The air conditioners in question are attached to 29 W. 47th Street, a building that houses a number of diamond businesses and is owned by Jack Elo, whom the Journal describes as a “smaller scale” landlord. Those AC units hang over the lot where Barnett plans to put a 33-story luxury hotel. Although Barnett owns the 18 inches of land and the air space above that that’s currently occupied by Elo’s air conditioners, Elo is trying to claim not only that strip of air, but also the air rights that go with them. He’s arguing that because his building’s air conditioners and an antenna have been hanging in that space for the past 15 years, it now belongs to him via the doctrine of adverse possession, also known as squatter’s rights. (It’s the same doctrine that a Fifth Avenue co-op is invoking to try to take a pit behind Eliot Spitzer’s Upper East Side condo project, arguing that because it stored some construction supplies there, it now belongs to them.)
Elo’s lawyer also says that the hotel going up will force Elo to permanently shutter some windows.

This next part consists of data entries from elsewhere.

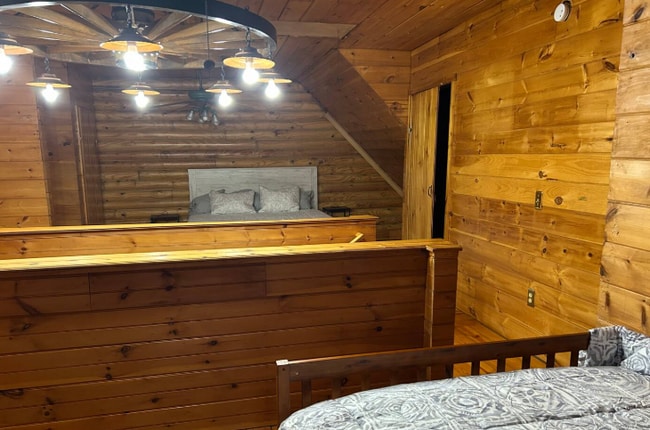 Building Photo - 573 Centre St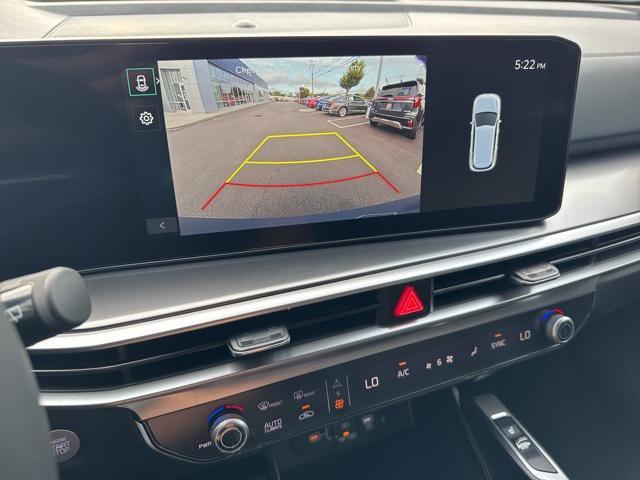 new 2025 Kia Sorento car, priced at $39,375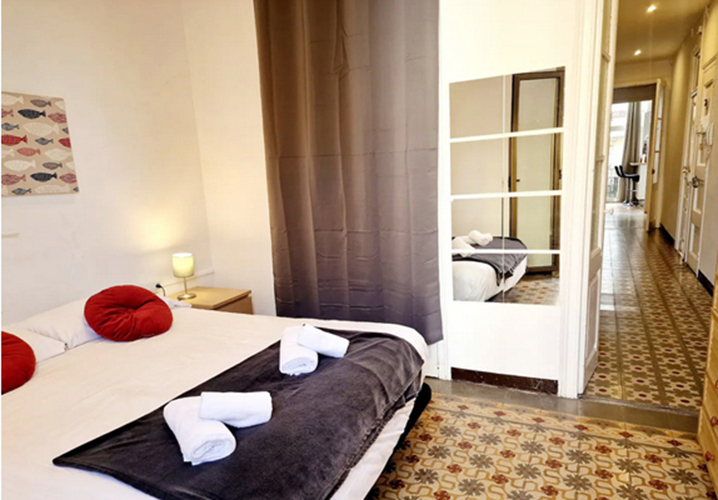 500 D ROOM 1 D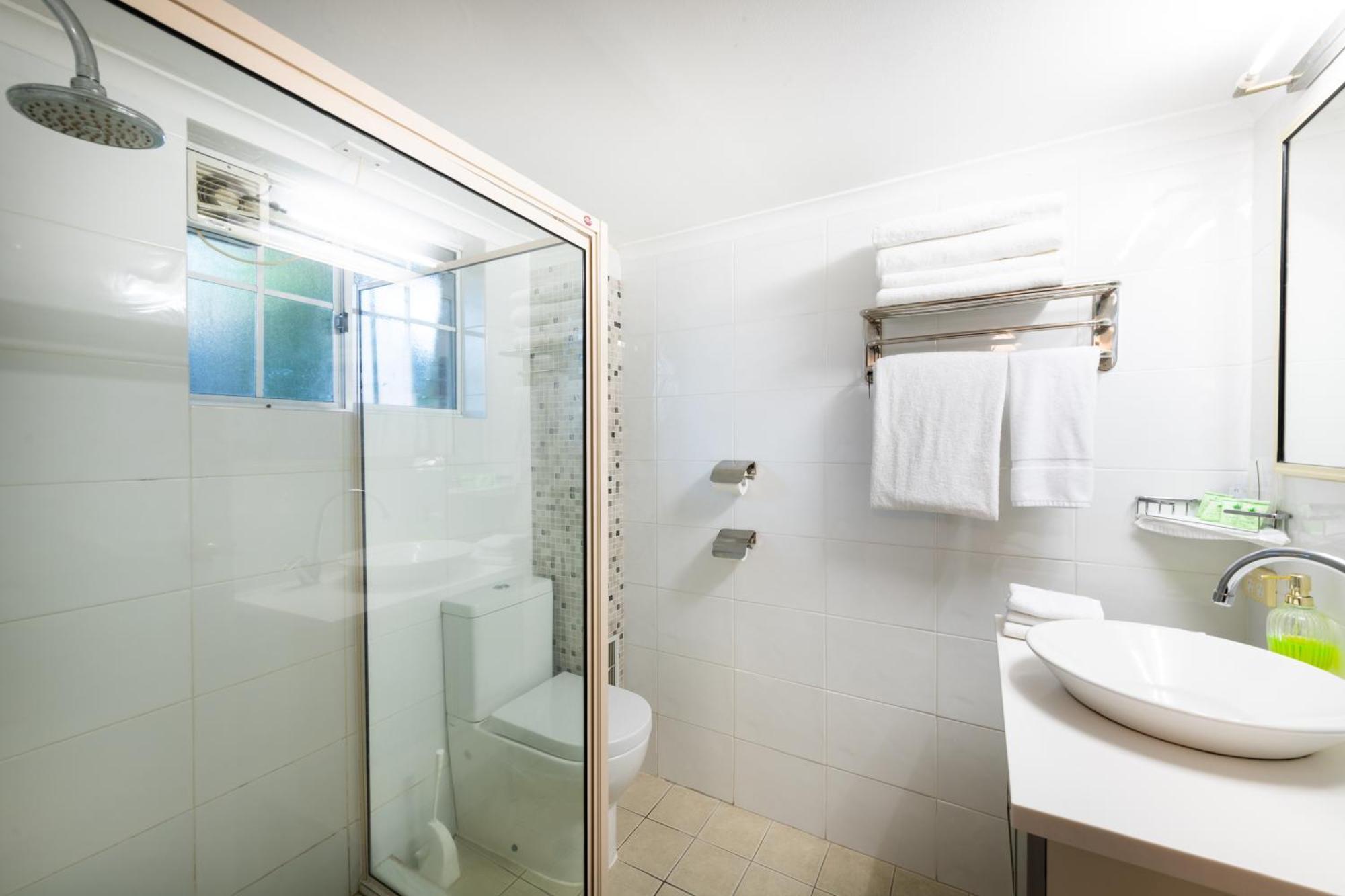 Golden Age Motor Inn Кеанбеан Екстериор снимка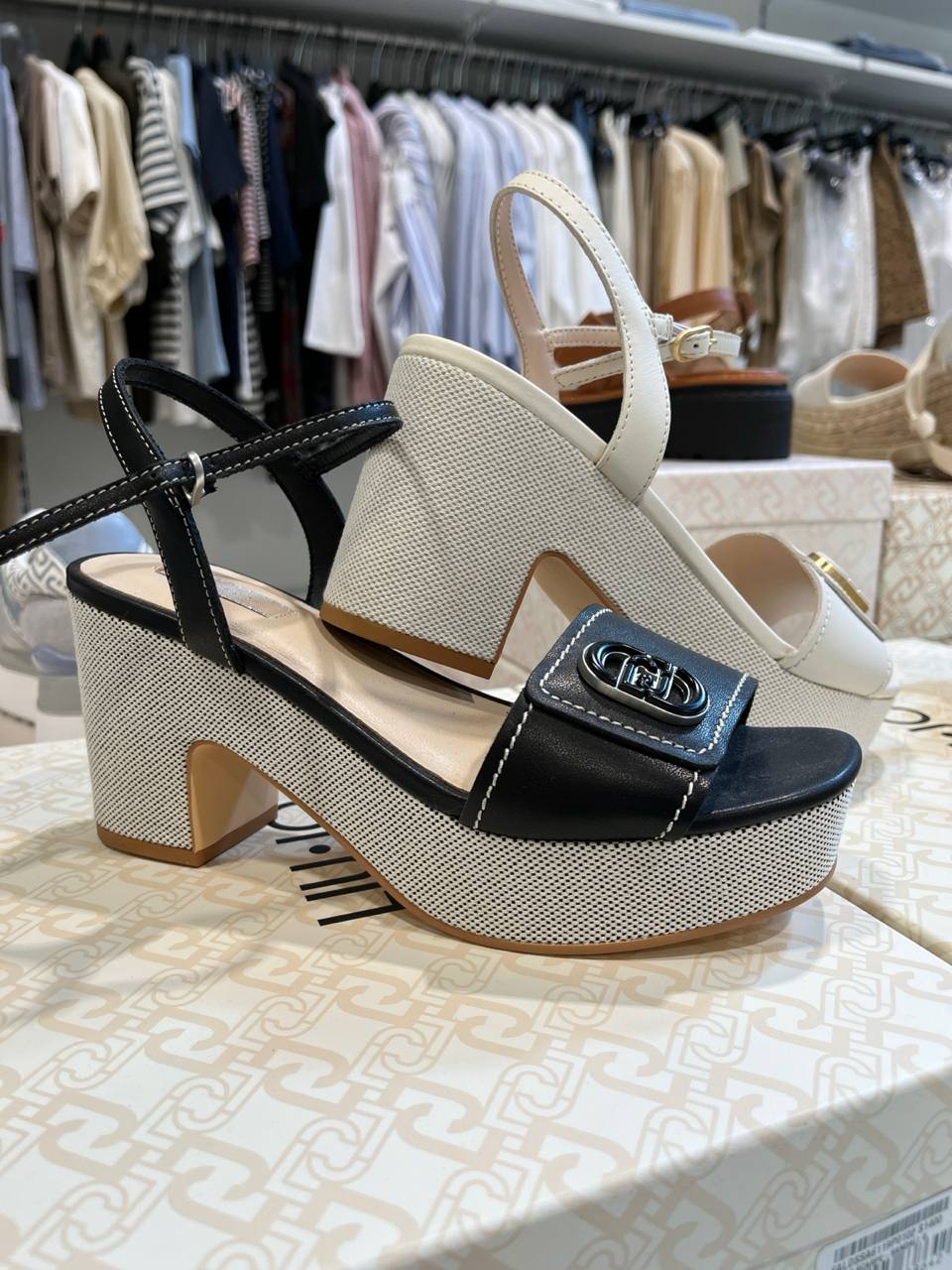 Фото Outlet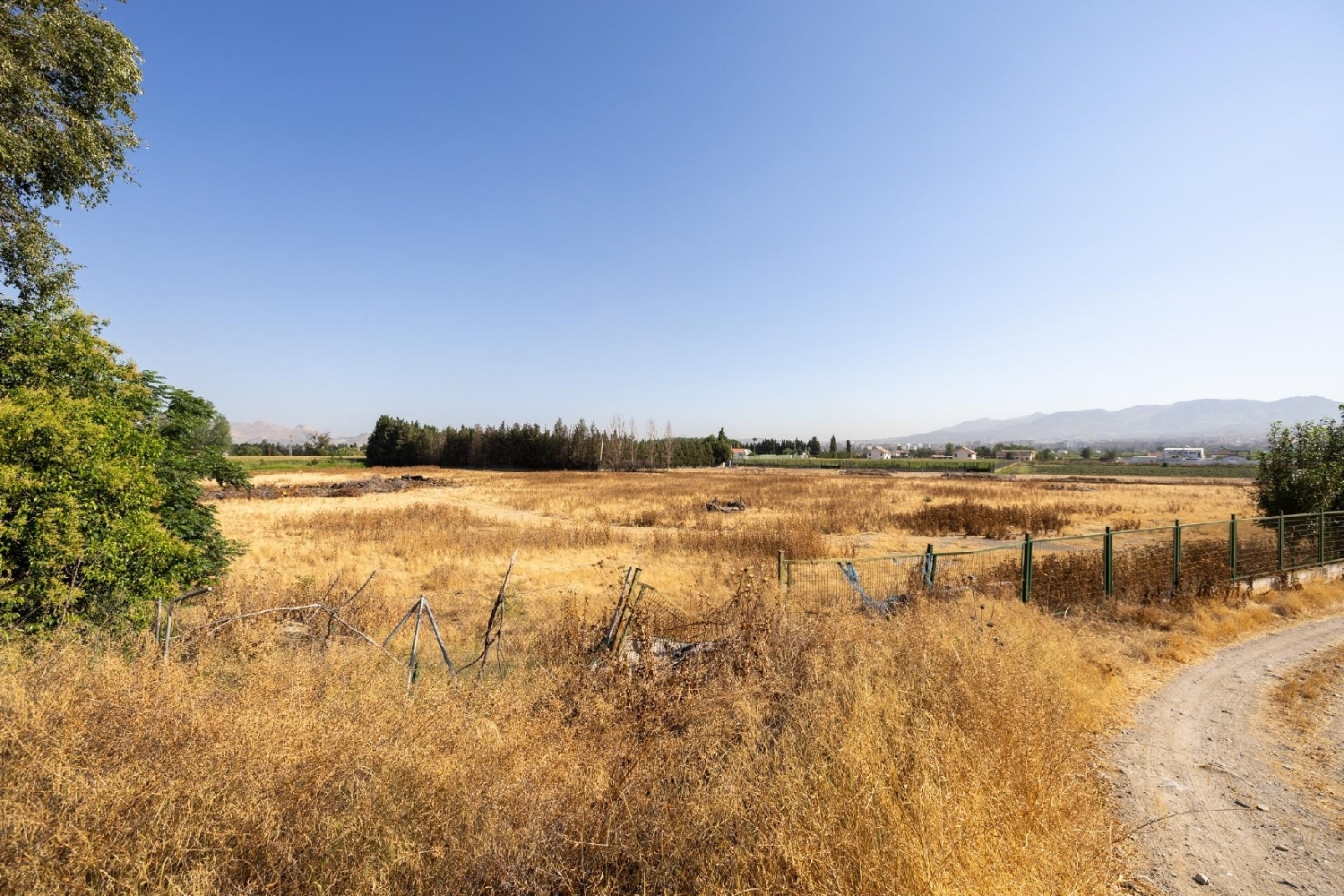  en venta terreno Barrio De Granada Alacantí 7
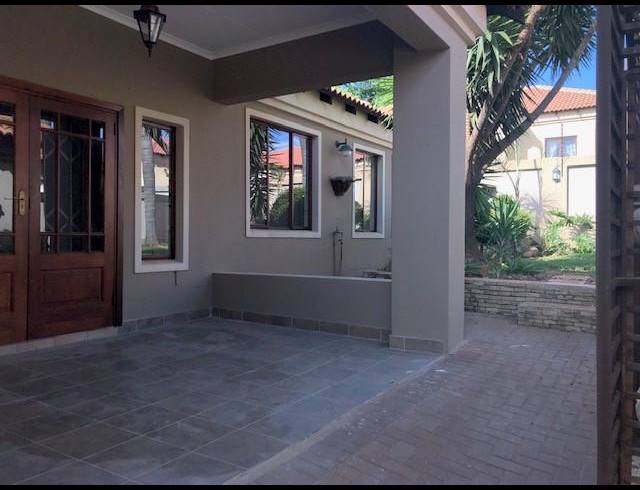 3 BEDROOM PROPERTY TO RENT IN MORELETAPARK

The loss of a lot-line window is a sad but common occurrence in New York. So common, in fact, that bedrooms with lot-line windows are not considered “legal” bedrooms in condo offering plans because the assumption is that someone will build next door.
As the Journal notes, Elo’s case is a long shot: New York State tightened its adverse-possession laws after a couple successfully annexed part of their neighbor’s yard in 2006 by installing a bird feeder and drainage on it.
In any case, Barnett, king of air-rights assemblages, does not seem especially impressed by Elo’s legal maneuverings; in court filings, Extell accused the landlord of being motivated by a “rapacious desire to extract unwarranted concessions.”